**Information given**.
=-=-=

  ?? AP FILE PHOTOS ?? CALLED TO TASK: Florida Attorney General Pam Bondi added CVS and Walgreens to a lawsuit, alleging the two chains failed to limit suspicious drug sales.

=-=-=

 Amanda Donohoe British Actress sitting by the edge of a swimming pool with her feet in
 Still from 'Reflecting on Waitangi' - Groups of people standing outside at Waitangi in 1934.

=-=-=

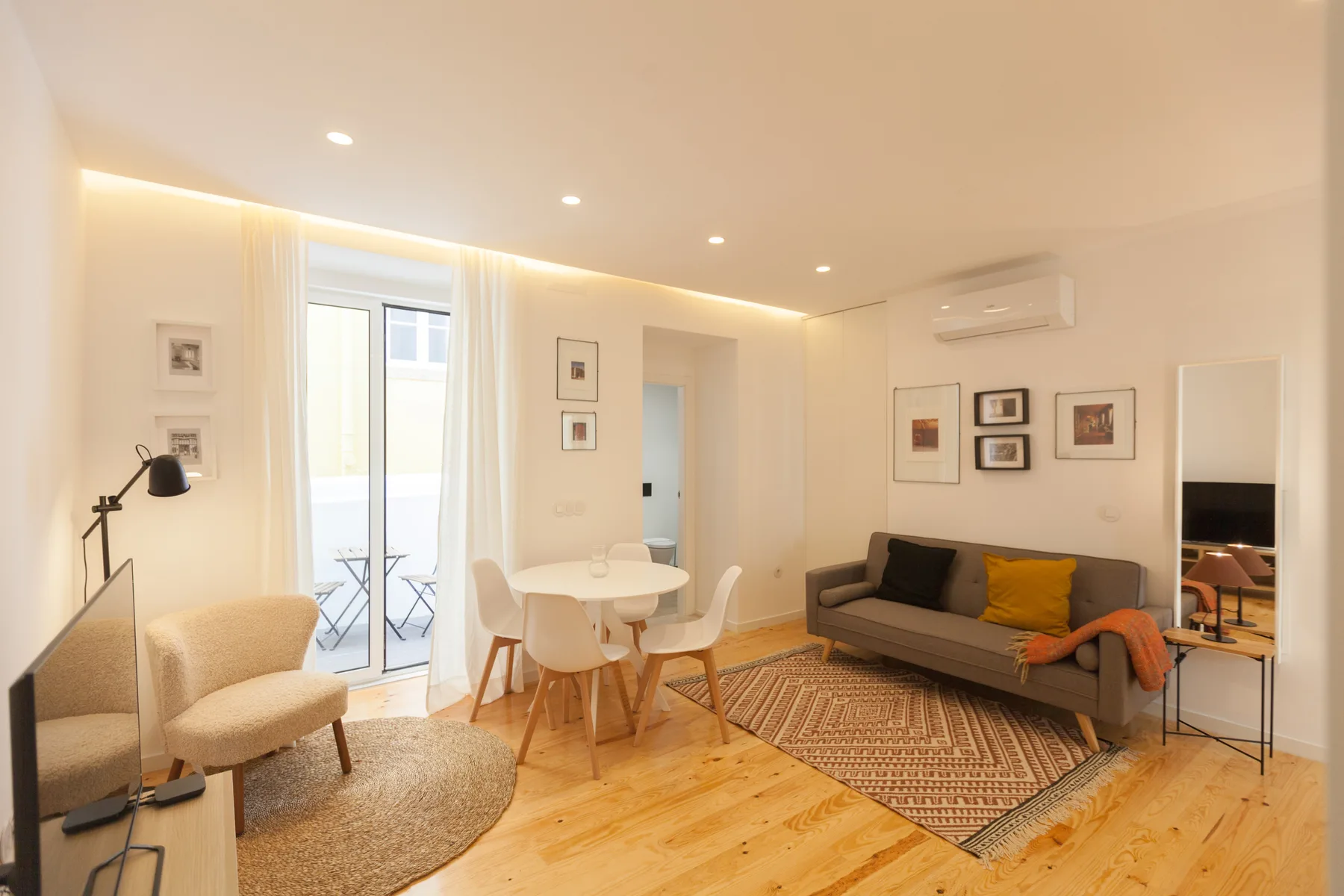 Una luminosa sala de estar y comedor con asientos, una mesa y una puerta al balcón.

=-=-=

**Assignment**. In the listing above, locate the line with "Amanda Donohoe British" and the line with "Still from 'Reflecting", then extract exactly those lines and every line between them, and nothing more.

**Answer to this problem**.
 Amanda Donohoe British Actress sitting by the edge of a swimming pool with her feet in
 Still from 'Reflecting on Waitangi' - Groups of people standing outside at Waitangi in 1934.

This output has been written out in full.